After a hurricane as powerful as Harvey, everyone buckles down and gets to work fixing their homes, neighborhoods, and property to get back to our normal lives as quickly as possible. Some things are doable as soon as you see them, such as fixing parts of a fence or cleaning up debris. However, with time, you will come to more difficult repairs, such as fixing walls, floors and the structural parts of the house, which most of us usually seek a professional to fix. Usually the first step here is to contact your insurance company and file a claim for whatever your damages are worth. This is trickier to do than most would assume, and so this is where an insurance adjuster comes in.
An insurance adjuster is a professional who is trained to perform a multitude of assessments surrounding insurance claims on behalf of policyholders and/or insurance companies. They assess damages from flood, fire, smoke, wind and hurricane damage, as well as damage from other catastrophes. They can go so far as to assess and evaluate the damage a hurricane or flood has done on business income. In the case for those of us in Houston and along the Gulf Coast, most would seek public insurance adjusters (the ones who are on your side rather than the side of the insurance companies).
Public insurance adjusters, as opposed to company or independent adjusters, are the only insurance adjusters that work on behalf of the policyholder rather than the insurance company. They will assess and evaluate the damages incurred, and put together a detailed and accurate claim, specific to your situation, and send that to your insurance company.
The big questions for most people at this point are: “Do I need one?” and “How much does it cost?” If you’re looking to file an insurance claim, it is strongly advisable to hire a public insurance adjuster. It’s commonplace for public adjusters to visit damaged property free of charge. The adjuster will discuss the severity of the damage and what exactly it means for your claim going forward. The adjuster gets paid after you do — they’ll take a cut of what the insurance company pays out to you after you’ve filed a claim with the help of the adjuster. This cut should not exceed 10 percent, in accordance with Texas law.

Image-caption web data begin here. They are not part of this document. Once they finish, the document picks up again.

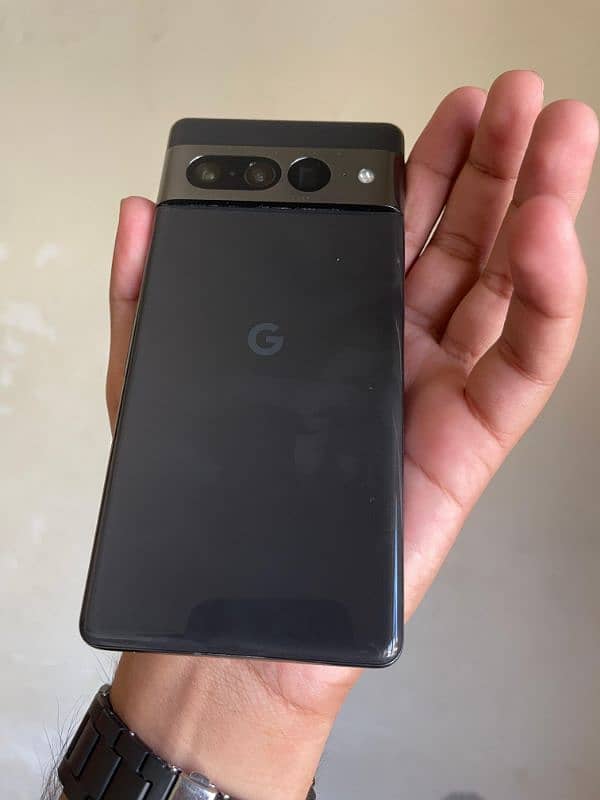 Google Pixel 7 pro Official PTA Dual Sim 5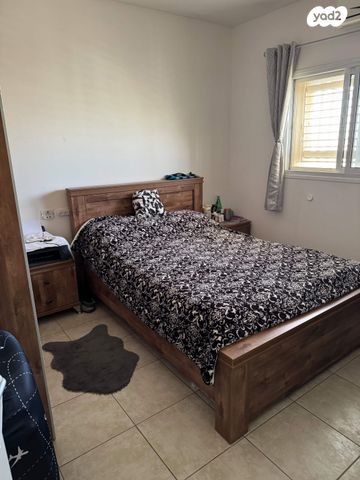 דירה, שדרות יוהנה ז'בוטינסקי 58, נווה זאב, נאות אילן, באר שבע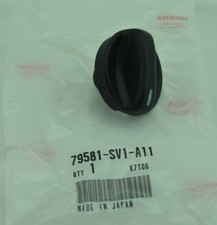 Genuine Oem 1994-1997 Honda Accord Ac Fan Heat Control Knob 79581-sv1-a11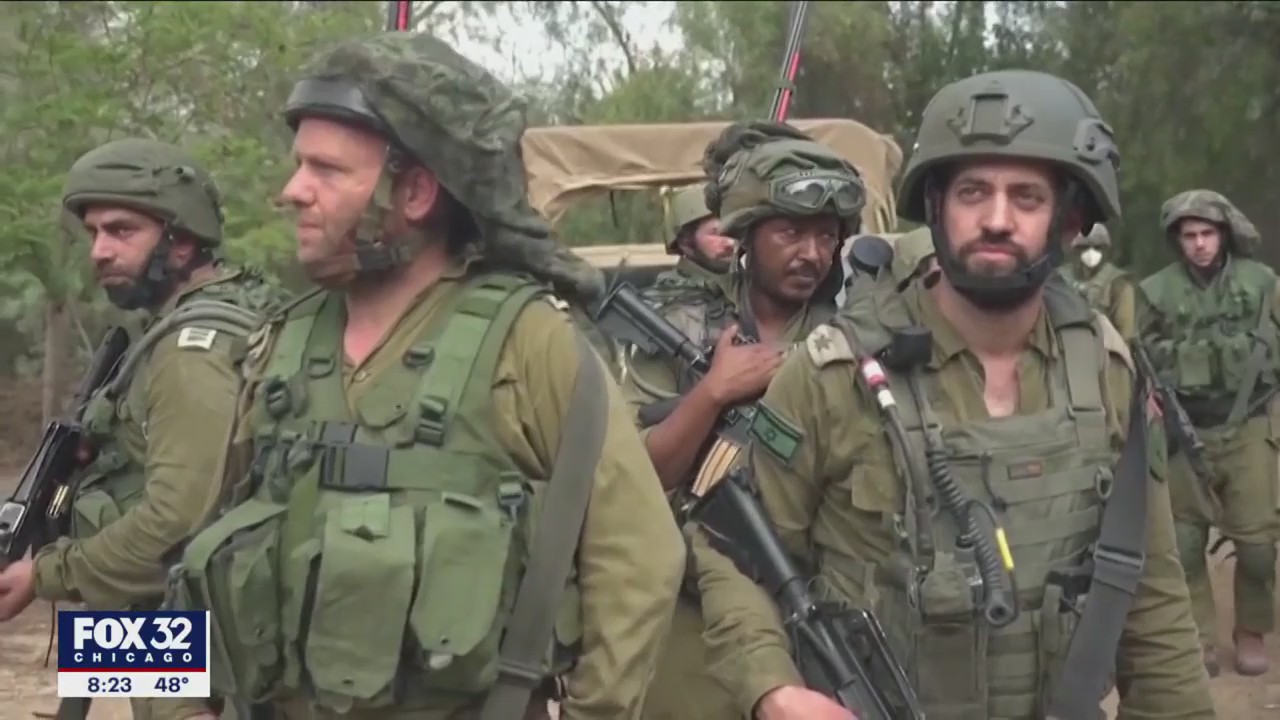 U.S. urges restraint as Israel-Hamas war reaches boiling point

A big thing to remember while working with insurance companies is that payouts are part of their job and are not considered charity. An insurance company will rarely, if at all, give you more money than you asked for or are owed. If they did, it was probably a mistake. Hiring a public insurance adjuster is one of the safer ways to make sure you get what you’re owed and what you need in order to restore you home to the same, or even better quality than it was before Harvey.